* HOW TO COMPLETE THIS TASK *
State the number of lines in the material below that hold "flooring", and add nothing to it.

*** Opening RECORDS FOR PROCESSING ***

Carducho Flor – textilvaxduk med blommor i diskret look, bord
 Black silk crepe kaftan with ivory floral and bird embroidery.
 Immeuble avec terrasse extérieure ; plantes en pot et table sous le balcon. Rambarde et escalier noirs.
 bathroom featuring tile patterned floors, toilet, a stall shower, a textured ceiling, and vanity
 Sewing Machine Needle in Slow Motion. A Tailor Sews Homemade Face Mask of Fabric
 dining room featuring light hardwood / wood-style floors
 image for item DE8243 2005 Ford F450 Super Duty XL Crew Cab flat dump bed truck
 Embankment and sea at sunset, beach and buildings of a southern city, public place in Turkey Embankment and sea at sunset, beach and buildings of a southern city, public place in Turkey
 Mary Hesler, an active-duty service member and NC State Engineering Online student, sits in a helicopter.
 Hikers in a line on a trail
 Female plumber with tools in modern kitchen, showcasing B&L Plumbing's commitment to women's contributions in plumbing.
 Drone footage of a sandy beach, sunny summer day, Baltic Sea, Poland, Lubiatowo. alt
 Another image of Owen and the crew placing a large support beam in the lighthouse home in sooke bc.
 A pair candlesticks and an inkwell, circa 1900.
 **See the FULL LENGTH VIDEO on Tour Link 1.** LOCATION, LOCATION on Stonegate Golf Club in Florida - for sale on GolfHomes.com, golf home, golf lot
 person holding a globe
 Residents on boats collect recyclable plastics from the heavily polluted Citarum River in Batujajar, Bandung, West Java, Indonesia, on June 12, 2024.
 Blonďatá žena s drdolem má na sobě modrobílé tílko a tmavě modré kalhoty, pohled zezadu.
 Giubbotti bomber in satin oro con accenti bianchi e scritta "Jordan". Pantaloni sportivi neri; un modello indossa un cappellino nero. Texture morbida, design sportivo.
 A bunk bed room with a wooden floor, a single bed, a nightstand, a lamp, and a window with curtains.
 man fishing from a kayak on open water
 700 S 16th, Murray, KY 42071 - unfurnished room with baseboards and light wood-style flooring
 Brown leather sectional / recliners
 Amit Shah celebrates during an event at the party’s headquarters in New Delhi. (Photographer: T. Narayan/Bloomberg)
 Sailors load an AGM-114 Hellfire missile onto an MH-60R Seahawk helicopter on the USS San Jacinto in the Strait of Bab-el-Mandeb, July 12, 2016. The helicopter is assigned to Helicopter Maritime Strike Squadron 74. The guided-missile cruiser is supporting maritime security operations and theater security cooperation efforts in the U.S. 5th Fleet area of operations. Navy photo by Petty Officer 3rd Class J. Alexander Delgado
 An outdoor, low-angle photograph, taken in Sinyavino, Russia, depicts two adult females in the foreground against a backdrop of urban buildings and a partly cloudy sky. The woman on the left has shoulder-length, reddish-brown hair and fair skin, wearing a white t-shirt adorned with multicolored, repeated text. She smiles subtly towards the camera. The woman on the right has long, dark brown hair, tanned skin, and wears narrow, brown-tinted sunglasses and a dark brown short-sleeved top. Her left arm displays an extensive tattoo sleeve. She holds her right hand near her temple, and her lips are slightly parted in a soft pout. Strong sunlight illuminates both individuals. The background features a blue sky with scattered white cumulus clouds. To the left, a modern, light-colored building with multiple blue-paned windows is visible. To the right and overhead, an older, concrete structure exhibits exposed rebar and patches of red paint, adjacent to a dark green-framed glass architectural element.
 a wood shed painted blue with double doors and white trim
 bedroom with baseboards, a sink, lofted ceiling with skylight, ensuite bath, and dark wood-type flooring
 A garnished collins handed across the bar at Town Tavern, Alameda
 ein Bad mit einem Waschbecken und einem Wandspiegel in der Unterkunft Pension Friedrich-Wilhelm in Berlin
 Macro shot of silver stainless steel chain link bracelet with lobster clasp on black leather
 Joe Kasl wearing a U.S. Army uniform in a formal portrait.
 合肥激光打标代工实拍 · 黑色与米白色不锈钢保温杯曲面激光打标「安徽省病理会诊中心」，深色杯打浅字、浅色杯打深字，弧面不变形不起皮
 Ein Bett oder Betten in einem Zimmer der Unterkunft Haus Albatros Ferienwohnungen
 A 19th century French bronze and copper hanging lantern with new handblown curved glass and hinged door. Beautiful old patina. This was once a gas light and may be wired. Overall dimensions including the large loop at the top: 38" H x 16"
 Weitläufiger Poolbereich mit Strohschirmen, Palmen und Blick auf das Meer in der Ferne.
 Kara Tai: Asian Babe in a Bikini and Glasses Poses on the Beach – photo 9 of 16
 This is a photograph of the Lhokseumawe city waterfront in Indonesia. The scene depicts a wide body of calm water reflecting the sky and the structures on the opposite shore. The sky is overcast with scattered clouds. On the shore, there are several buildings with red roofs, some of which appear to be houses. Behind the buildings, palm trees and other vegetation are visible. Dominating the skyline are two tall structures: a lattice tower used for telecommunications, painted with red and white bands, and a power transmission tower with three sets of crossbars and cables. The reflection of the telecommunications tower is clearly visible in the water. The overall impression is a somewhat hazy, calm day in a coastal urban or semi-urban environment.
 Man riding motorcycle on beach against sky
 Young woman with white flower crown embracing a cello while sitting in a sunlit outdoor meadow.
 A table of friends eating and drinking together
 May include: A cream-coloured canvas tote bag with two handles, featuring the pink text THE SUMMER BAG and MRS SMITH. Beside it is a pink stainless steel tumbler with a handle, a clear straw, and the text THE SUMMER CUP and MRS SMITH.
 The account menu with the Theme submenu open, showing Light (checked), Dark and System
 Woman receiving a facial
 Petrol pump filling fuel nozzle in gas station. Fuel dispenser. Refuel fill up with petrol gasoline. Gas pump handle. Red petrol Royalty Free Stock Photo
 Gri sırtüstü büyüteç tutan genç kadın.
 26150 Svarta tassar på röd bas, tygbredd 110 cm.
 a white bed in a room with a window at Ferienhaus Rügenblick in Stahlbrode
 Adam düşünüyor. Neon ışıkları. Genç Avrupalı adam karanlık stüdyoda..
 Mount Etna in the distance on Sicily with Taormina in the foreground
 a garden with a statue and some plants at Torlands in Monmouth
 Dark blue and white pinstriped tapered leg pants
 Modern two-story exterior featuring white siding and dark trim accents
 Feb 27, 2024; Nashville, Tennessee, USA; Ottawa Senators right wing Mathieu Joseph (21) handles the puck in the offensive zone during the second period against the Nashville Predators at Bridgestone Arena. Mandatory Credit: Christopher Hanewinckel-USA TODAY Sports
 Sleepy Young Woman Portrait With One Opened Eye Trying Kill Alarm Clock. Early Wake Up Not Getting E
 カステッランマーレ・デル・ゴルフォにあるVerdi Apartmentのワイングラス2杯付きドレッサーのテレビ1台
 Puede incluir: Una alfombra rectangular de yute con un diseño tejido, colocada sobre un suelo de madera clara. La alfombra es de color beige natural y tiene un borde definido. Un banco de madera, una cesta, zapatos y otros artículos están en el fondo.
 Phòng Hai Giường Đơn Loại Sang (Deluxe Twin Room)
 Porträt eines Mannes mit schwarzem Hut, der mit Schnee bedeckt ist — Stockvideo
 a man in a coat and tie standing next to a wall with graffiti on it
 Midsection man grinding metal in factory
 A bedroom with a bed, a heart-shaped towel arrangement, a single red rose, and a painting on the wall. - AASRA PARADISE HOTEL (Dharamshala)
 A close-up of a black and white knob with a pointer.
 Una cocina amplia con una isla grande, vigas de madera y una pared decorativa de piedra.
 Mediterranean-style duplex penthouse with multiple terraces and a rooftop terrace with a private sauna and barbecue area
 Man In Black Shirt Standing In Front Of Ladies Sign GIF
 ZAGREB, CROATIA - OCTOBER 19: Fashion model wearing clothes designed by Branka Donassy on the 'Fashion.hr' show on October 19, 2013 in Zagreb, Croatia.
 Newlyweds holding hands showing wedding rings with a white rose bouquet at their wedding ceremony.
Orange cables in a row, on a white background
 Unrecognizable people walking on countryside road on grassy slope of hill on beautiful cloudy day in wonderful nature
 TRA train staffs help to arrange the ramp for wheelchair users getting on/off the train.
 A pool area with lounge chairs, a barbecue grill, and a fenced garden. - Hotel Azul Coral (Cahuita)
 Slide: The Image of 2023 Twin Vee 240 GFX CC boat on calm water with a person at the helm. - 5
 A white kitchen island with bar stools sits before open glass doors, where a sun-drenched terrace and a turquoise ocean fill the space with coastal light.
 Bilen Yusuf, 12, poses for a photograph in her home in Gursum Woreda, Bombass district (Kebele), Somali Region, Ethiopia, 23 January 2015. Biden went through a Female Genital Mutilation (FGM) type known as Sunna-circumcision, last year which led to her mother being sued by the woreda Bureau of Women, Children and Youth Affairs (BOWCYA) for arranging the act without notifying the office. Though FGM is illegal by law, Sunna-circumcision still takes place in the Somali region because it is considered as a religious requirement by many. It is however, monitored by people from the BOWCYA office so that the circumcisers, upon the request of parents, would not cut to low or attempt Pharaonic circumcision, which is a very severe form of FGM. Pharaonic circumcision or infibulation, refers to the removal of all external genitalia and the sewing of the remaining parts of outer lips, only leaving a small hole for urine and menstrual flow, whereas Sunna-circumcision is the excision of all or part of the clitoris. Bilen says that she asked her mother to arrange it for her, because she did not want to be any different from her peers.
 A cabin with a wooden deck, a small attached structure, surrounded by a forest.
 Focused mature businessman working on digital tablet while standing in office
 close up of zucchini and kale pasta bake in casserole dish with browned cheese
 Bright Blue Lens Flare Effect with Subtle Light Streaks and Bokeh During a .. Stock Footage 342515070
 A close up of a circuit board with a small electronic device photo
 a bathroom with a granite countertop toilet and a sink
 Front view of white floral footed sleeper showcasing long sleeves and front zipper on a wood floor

*** Closing RECORDS FOR PROCESSING ***

* EXERCISE RESULT *
2